I'm trying to use Dynamic Column mapping by selecting the destination table using the Variable Name option in the OLEDB destination. I'm getting the error: "OLE DB Destination" failed validation and returned validation status "VS_NEEDSNEWMETADATA".
I understand from what I've read that Dynamic column validation is not possible in SSIS. But then, why is it possible to select table destination in OLEDB using a variable name? Isn't it dynamic column mapping?
What I'm trying to do is to create a foreach loop to read a list of tables and import these tables from the source db to the staging area. Using the Variable Name destination within OLEDB seems perfect to me, but it does not work, even by enabling DelayValidation in the dataflow.
Thanks,
Rodrigo

Why would I use a TableName from Variable for my OLE DB Destination?
I automate the heck out of my SSIS package development. Instead of having to specify each table name, I have a variable called FullyQualifiedName that I populate once and then reuse for my package. Think of a truncate and reload pattern: Execute SQL Task to clear out the target table, A Foreach loop to load all the files-either because the names are dynamic or I have multiple days worth of data to load, and then Archive the file. I'd need to reference that table at least twice in that scenario. By having the table name in a variable, I can define it once and reference it in many different locations.
I have worked in environments where we physically isolate data based on the customer. i.e Blackstone.Sales, Yampas.Sales, Ranger.Sales, etc. When the customer logs in, their account can only access data in their schema. The tables are identical in structure but they have different names to ensure isolation. For a scenario like that, you could be matching file name to target table and therefore want to use a Variable to control what table is written to.
As you've already determined, you cannot accomplish dynamic column mapping in the manner you are attempting. If it's a straight copy from source to your staging environment, I'd just use a technology like Biml to generate the packages and be done with it.

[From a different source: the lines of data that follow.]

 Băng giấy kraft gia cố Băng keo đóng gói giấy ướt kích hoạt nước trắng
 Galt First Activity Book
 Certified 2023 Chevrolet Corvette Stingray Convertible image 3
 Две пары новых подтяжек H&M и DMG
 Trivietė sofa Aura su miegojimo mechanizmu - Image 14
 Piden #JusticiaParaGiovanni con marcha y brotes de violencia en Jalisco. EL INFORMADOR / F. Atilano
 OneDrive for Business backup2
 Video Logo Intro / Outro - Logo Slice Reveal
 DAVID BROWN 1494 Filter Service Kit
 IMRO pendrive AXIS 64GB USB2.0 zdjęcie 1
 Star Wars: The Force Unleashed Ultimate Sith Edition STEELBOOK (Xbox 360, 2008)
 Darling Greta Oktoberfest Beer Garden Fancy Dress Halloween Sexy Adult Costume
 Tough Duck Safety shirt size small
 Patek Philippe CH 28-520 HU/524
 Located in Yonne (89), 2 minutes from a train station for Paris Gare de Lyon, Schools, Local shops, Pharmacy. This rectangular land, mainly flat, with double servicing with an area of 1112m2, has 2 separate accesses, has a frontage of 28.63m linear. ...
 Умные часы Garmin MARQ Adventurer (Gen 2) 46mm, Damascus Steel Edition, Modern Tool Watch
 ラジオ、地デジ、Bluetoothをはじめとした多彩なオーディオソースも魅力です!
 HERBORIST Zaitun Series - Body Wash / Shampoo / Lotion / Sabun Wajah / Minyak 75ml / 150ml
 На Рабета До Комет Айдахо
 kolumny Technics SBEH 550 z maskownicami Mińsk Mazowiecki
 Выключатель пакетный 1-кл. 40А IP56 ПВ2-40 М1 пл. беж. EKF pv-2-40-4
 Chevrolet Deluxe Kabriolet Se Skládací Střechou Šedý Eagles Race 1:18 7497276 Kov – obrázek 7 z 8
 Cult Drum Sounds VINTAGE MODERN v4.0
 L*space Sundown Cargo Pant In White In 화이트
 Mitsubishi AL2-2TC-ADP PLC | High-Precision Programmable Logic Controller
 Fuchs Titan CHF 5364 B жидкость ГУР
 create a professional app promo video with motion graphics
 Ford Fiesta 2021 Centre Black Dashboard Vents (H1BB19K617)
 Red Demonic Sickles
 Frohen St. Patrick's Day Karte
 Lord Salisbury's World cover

I have faced and worked on such requests. NO, SSIS won't allow you dynamic column mappings. So I had tried something on the lines of below:
You need to first use your knowledge of the system and put together a sort of configuration table that would tell you the following things -
-Source Table(SourceTable)
-Columns to be extracted from source table(SourceQuery)
HINT: A SELECT query..e.g. SELECT ID, Name, Salary from dbo.tblEmployee
-Destination Table(DestinationTable)
-Columns which need to be fed from the source
-Few other details like server name/connection properties etc..
You would need to later traverse through the rows of this table using a ForEach Loop container.
Next, identify the maximum number of columns and maximum length of data types in these columns, in the source that might be up for extracting. You would need to create a table with information soon.
Create a sort of staging table let's say StgData. I will create this table with 50 columns, all of data type NVARCHAR(MAX). The CREATE statement should look like:
CREATE TABLE StgData
(
Column1 NVARCHAR(MAX),
Column2 NVARCHAR(MAX),
Column3 NVARCHAR(MAX),
....
Column50 NVARCHAR(MAX)
)
The raw data would be loaded onto StgData.
Now have a ForEach loop container traversing through ETLMappings.
Inside this, you would have to use INSERT statements in Execute SQL Task to load the data.
The script inside the task would look like:-
INSERT INTO dbo.StgData
?
? corresponds to the SourceQuery column(which should be captured by ForEach container.
Once the StgData is loaded, it should be used to load the DestinationTable(also captured in ForEach loop container)
Now again you need to have good understanding on schema and column mapping. The configuration table should have a column which stores the SQL query in the form
INSERT INTO DestTable1 SELECT Col1, CAST(Col2 as float) Col2 FROM StgData
Something on those lines.
This is just a basic structure. Ofcourse lot of formatting and customization has to be added.

Related

How to automate export of multiple tables to delimited text in SSIS?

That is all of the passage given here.